** Required action **
With pictures excluded, copy word for word the lines in the data below from the line containing "Lightning to USB" through the line containing "A steel 55-gallon".

** Records supplied **
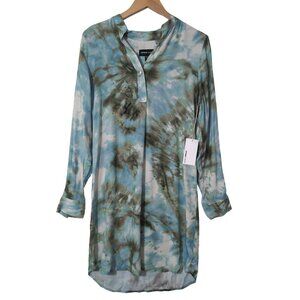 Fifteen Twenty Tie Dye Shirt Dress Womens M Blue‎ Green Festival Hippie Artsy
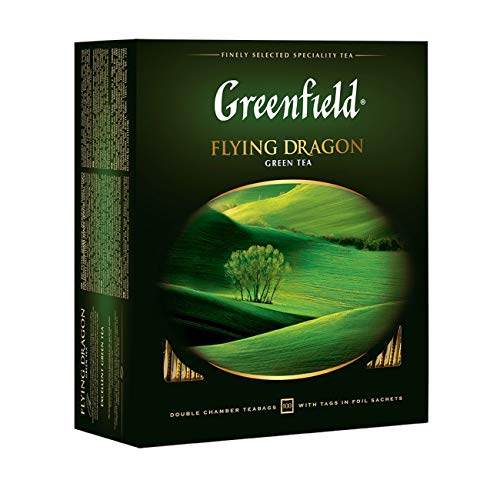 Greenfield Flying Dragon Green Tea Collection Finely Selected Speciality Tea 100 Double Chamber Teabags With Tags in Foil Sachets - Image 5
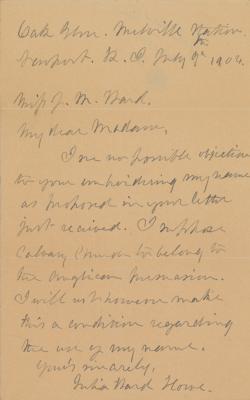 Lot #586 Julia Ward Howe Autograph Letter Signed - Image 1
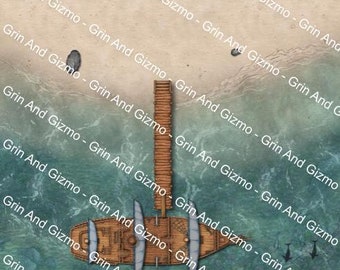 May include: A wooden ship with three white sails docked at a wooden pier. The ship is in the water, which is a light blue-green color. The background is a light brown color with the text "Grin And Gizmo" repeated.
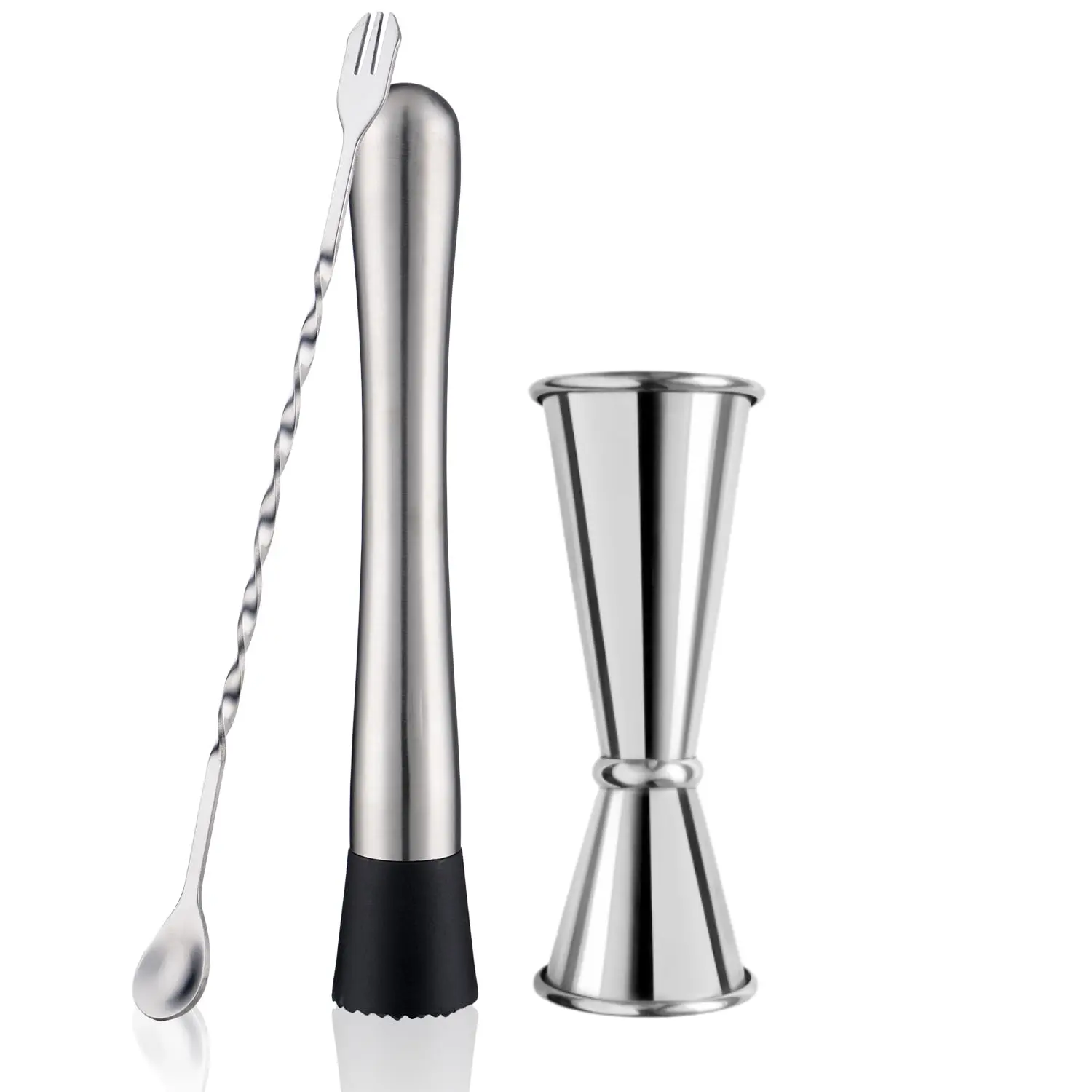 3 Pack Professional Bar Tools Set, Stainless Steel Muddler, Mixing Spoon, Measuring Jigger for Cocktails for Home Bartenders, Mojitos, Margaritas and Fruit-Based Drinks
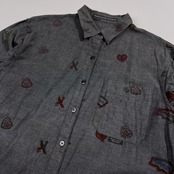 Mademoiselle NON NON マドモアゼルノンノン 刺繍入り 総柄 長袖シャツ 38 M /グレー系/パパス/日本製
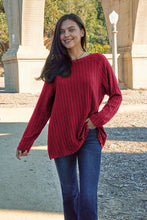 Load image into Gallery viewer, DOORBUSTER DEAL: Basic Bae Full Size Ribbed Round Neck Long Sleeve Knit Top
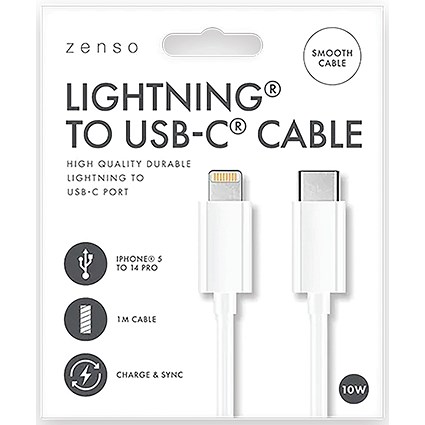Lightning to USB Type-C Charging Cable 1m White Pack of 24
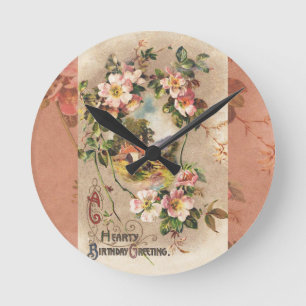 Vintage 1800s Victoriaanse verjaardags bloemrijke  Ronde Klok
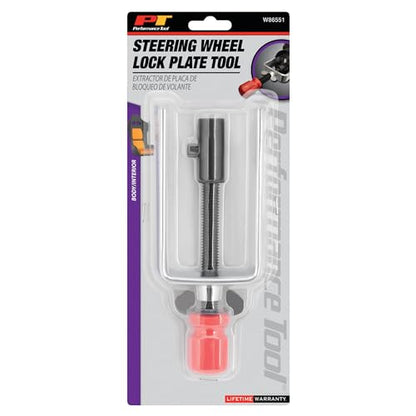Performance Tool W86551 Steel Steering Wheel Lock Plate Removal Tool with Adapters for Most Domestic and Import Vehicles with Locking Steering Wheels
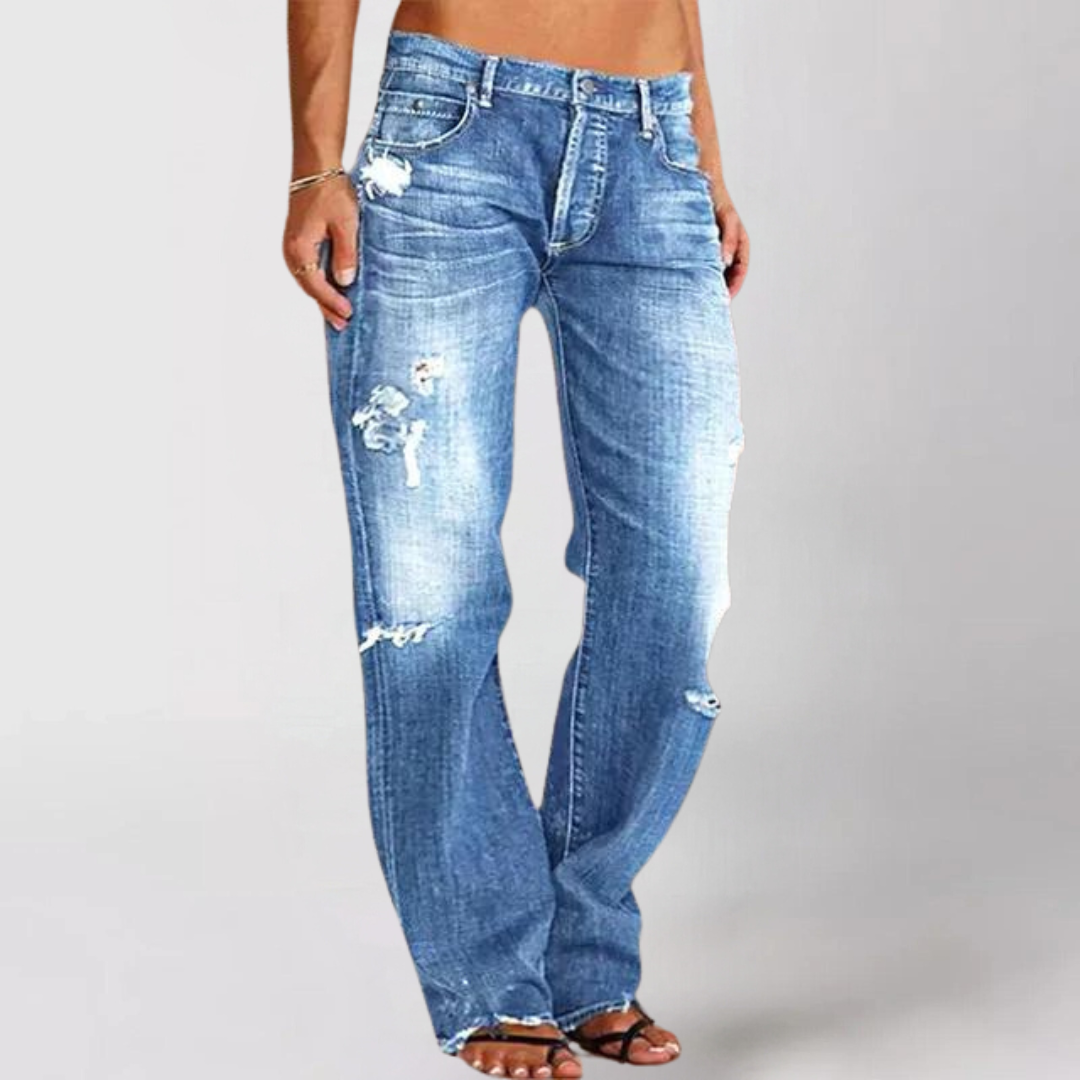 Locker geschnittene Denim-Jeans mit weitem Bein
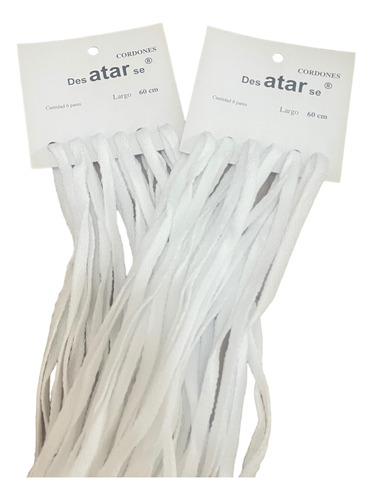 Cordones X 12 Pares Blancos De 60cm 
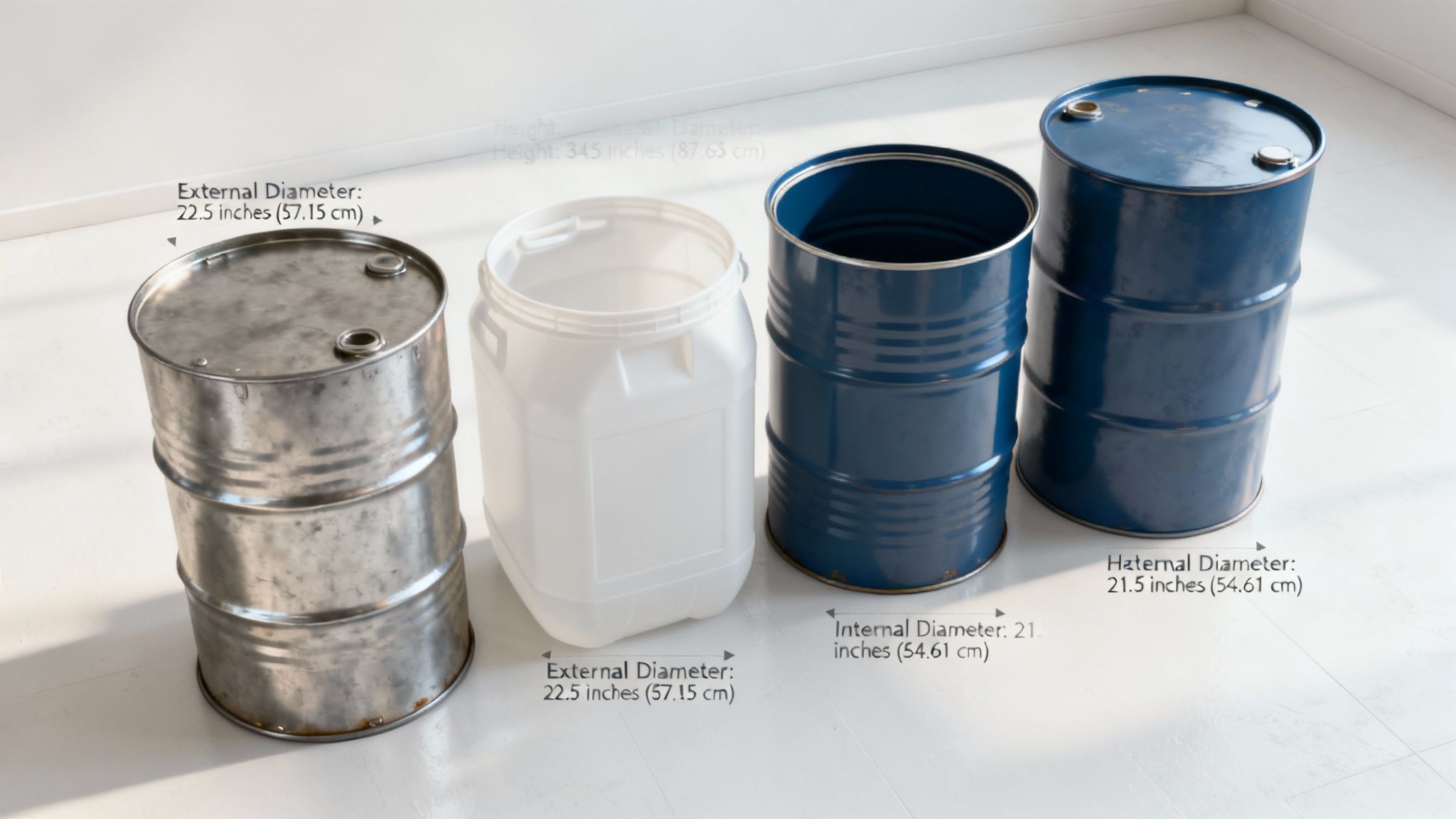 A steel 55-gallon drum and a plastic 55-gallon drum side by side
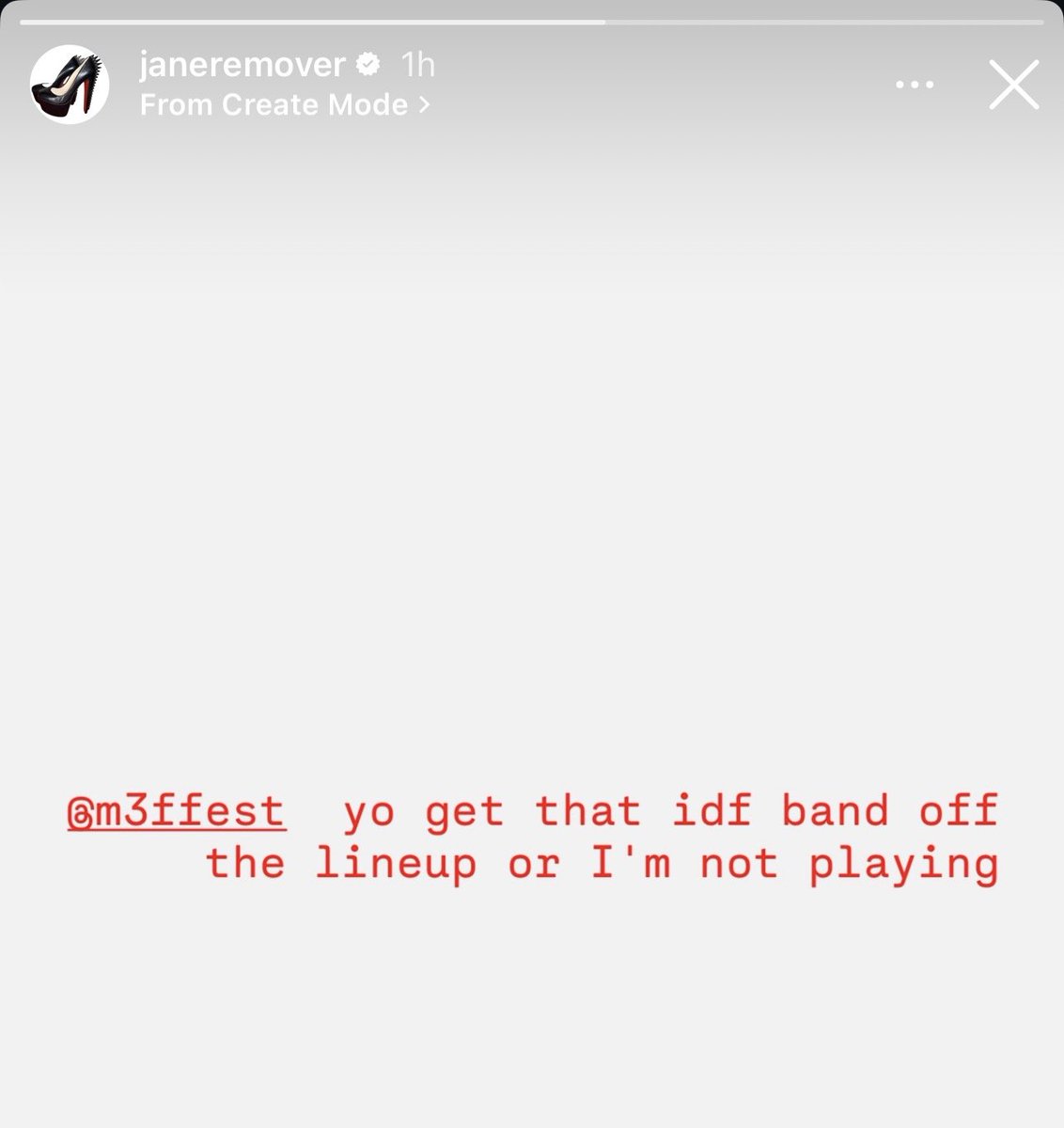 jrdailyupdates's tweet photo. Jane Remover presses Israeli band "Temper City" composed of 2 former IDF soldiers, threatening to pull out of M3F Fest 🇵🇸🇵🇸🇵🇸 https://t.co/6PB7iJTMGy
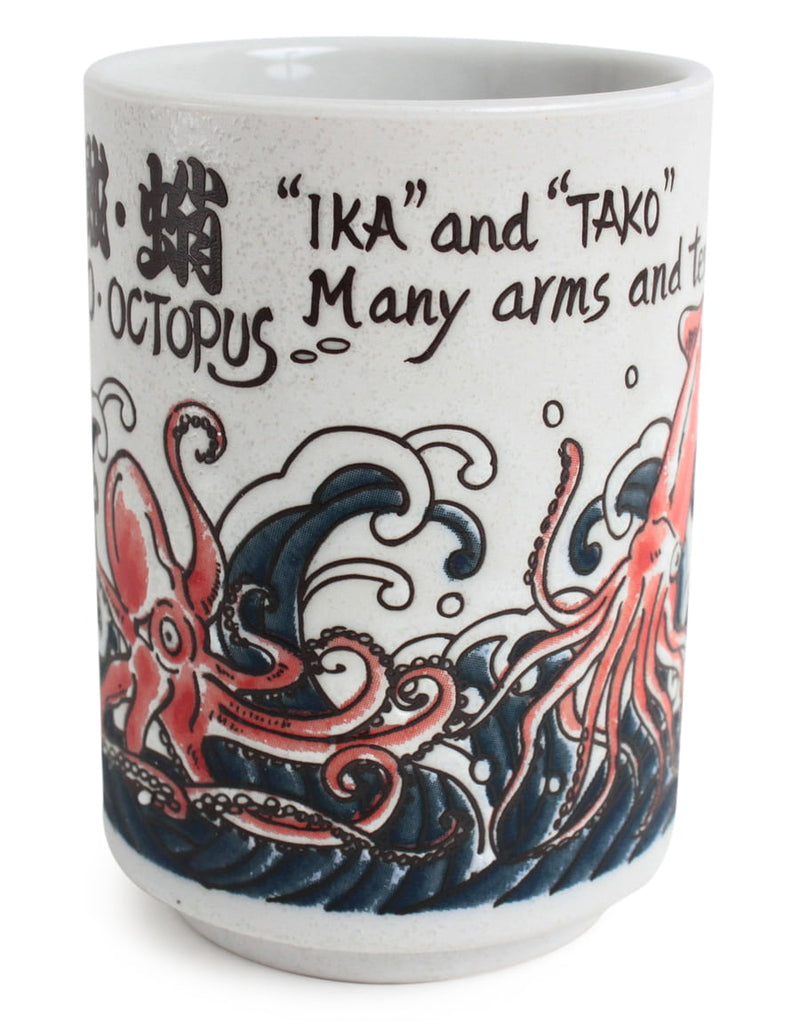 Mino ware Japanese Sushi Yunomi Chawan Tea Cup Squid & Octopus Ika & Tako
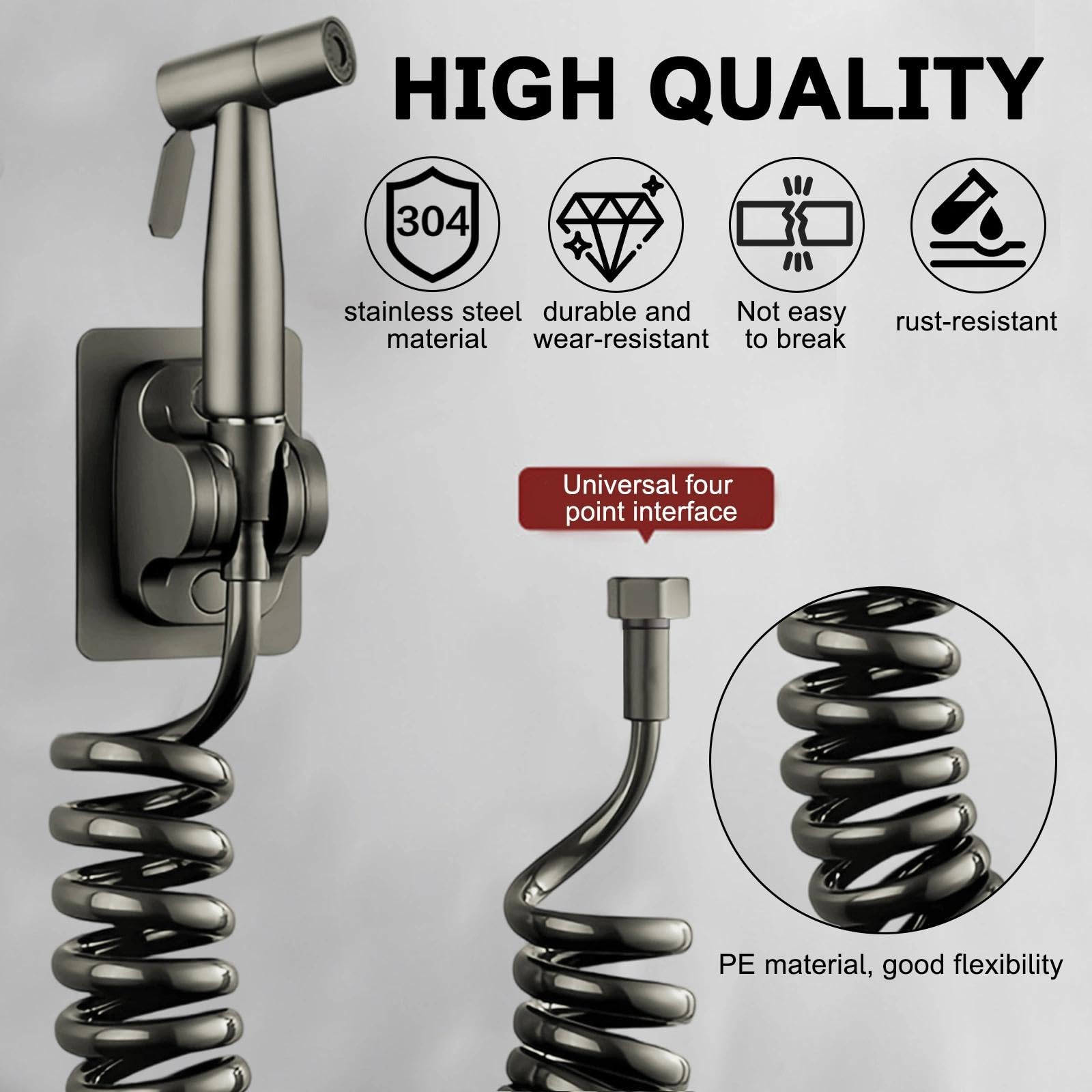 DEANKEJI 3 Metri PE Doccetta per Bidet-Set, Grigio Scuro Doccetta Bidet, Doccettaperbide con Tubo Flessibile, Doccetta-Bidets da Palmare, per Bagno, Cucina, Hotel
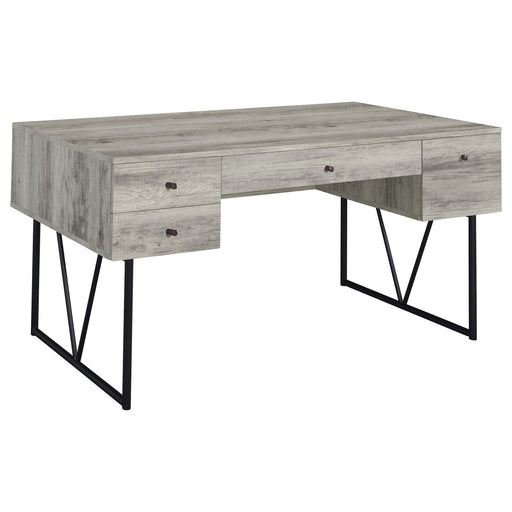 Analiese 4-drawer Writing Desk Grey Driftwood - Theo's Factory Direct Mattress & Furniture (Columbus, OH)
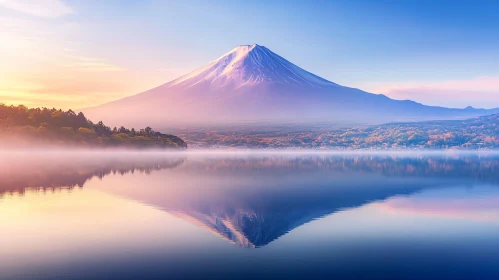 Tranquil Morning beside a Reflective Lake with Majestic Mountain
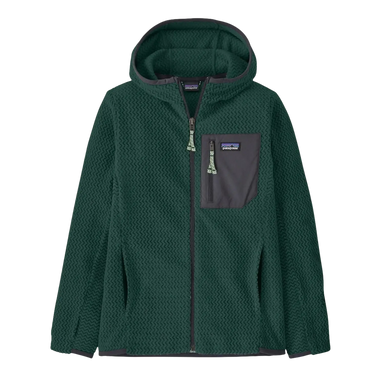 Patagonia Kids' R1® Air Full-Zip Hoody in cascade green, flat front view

** Output for this exercise **
Lightning to USB Type-C Charging Cable 1m White Pack of 24
 Vintage 1800s Victoriaanse verjaardags bloemrijke  Ronde Klok
Performance Tool W86551 Steel Steering Wheel Lock Plate Removal Tool with Adapters for Most Domestic and Import Vehicles with Locking Steering Wheels
 Locker geschnittene Denim-Jeans mit weitem Bein
 Cordones X 12 Pares Blancos De 60cm 
 A steel 55-gallon drum and a plastic 55-gallon drum side by side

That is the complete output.